All of this has huge value to Sikorsky. “Turnaround time is days versus weeks or months, build cost is generally 75 percent less, and the ability to [rapidly] prototype and provide design validation before creating production parts is priceless,” said Perchard.
Expanding the use of additive manufacturing
Leonardo’s Helicopter Division first used AM as a design validation tool, and has now progressed to the point where AM parts are used in baseline production aircraft. Secondary structures such as ducting, filters and covers, receptacles, and supports are being made from various nylons, thermoplastics, and metals. However, the company notes that a different approach is required when implementing AM processes.
Leonardo’s engineering team believes that significant changes both culturally and technically were and are still required in making the transition, with the biggest learning curve in the change in design philosophy when using 3D-printed parts. “Additive manufacturing has the potential to remove traditional manufacturing constraints and allows completely novel geometries to be produced — design for function as opposed to design for manufacture. However, AM introduces new process variabilities which the designer needs to account for and control and there are areas of concern for structural integrity,” said a Leonardo spokesperson.
The company said that the biggest cost benefits involve tooling and support to its production lines, with savings of over 90 percent by using AM processes and parts, against traditional methods of manufacture.
Elliott Schulte, engineer III, stress and fatigue for Bell Helicopters, said that while the cost of tooling alone can justify the move to AM, transition efforts always realize multiple benefits. Giving the example of a de-fog nozzle in Bell’s 429 and 412 helicopters, “where we went from conventional manufacturing to additive manufacturing, there was a cost avoidance of over $100,000 for tooling. As part of the process of going from conventional to AM, the number of parts formerly used to construct the defog nozzle were combined into a single component,” explained Schulte. “We also have a lead-time savings of 75 percent, and eliminated rework.”
Old and damaged tooling that can’t reliably produce parts, material obsolescence, and minimum-buy requirements are also evaluated by Bell in determining a move to AM.
Bell uses AM components in every commercial and military helicopter that it makes, including thermoplastic air-handling components in environmental control systems. And the company is evaluating the use of metal AM components, according to Thomas Chiang, V-280 Valor manufacturing producibility lead.
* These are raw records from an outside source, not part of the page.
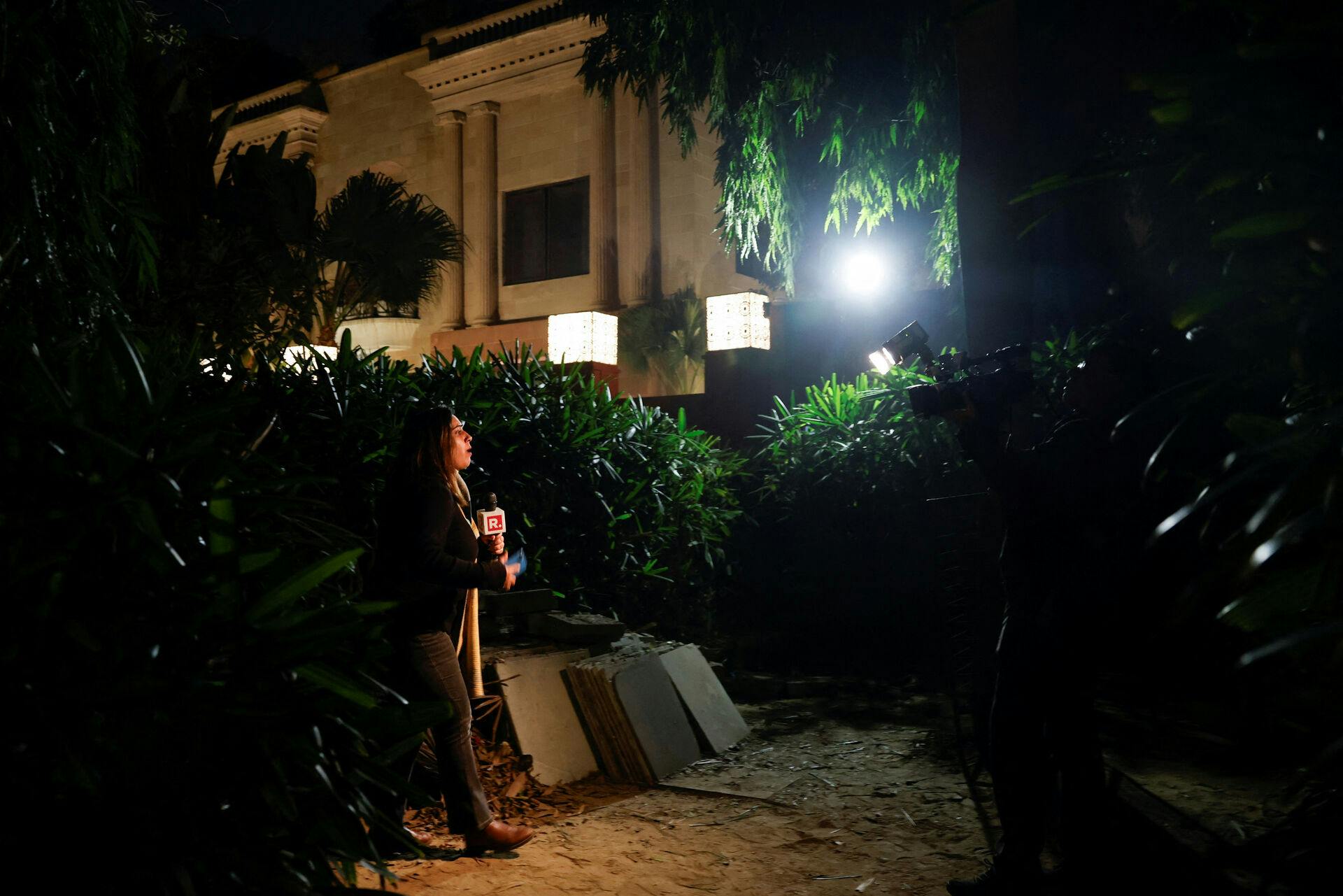 A reporter works outside the Israeli embassy, following a reported explosion nearby, in New Delhi, India, December 26, 2023. REUTERS/Anushree Fadnavis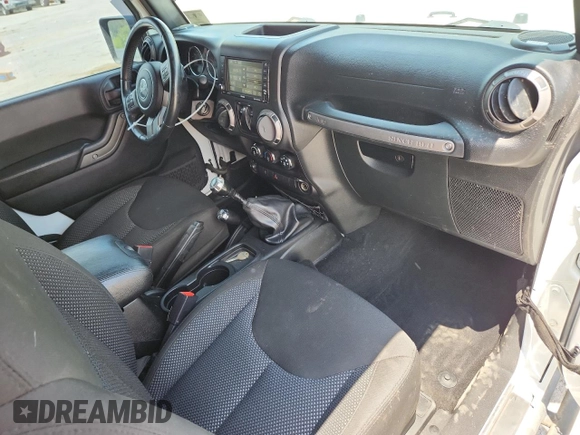 2016 Jeep Wrangler Black Bear with VIN 1C4AJWAG5GL151537, listed as a Copart auction lot 62665455 with 93,537 mi miles and Salvage title. Bid and sale history available at DreamBid. Image 8.
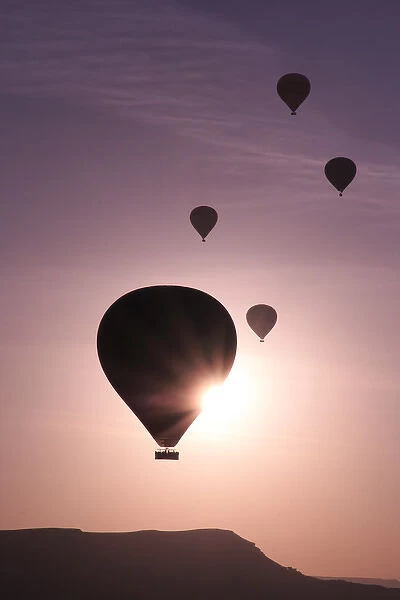 Turkey, Anatolia, Cappadocia, Goreme. Hot air balloons flying above  /  among rock formations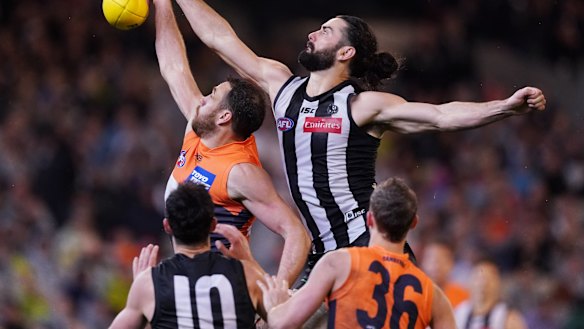 Tough contest: Magpie Brodie Grundy reaches over Shane Mumford.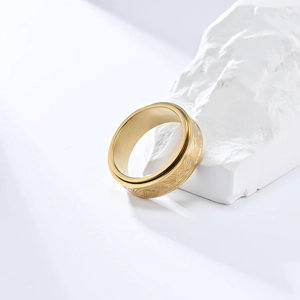 Detail of golden spinner ring showing the Eye of Horus relief on a stone surface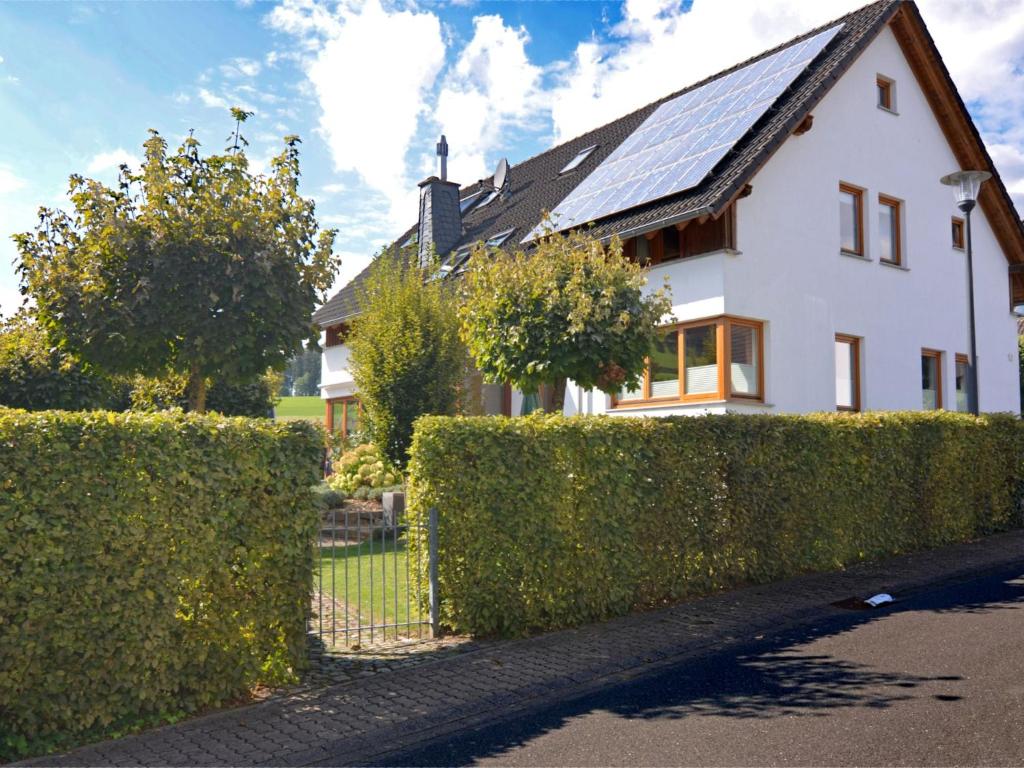 uma casa branca com um telhado solar e uma cerca em Apartment in Eslohe with terrace em Eslohe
“We’re starting with experimental flight applications that are less critical,” he said. “We see an opportunity for some metal components that might not have a business case today for production, but would have tremendous value in a development program. Since we’re not in production, and this is an ongoing science and technology effort, a lot of AM development work in metal and plastics is going on beyond laser sintering. We’ve got a number of new-to-Bell additive processes and materials being evaluated in our V-280 Valor demonstrator.”
Chiang also pointed to one of the issues facing the wider use of AM parts. “Certification of metal components requires a great amount of data and knowledge and testing before being certified for flight,” he said.
AHCA’s Sharpe agreed that there are issues surrounding certification. “That’s a challenge for our industry — certifying structural components that are made using AM. Reliable material property data is in short supply. Right now, it’s hard to economically qualify a printed part that’s used in a structural application. That’s a deterrent to more widespread use of AM in our industry,” he said.
And your ink-jet printer? Well, there actually is a form of 3D printing that uses a print head that’s similar to an ink-jet’s. PolyJet printers spray layers of curable liquid photopolymers with incredible accuracy — in color!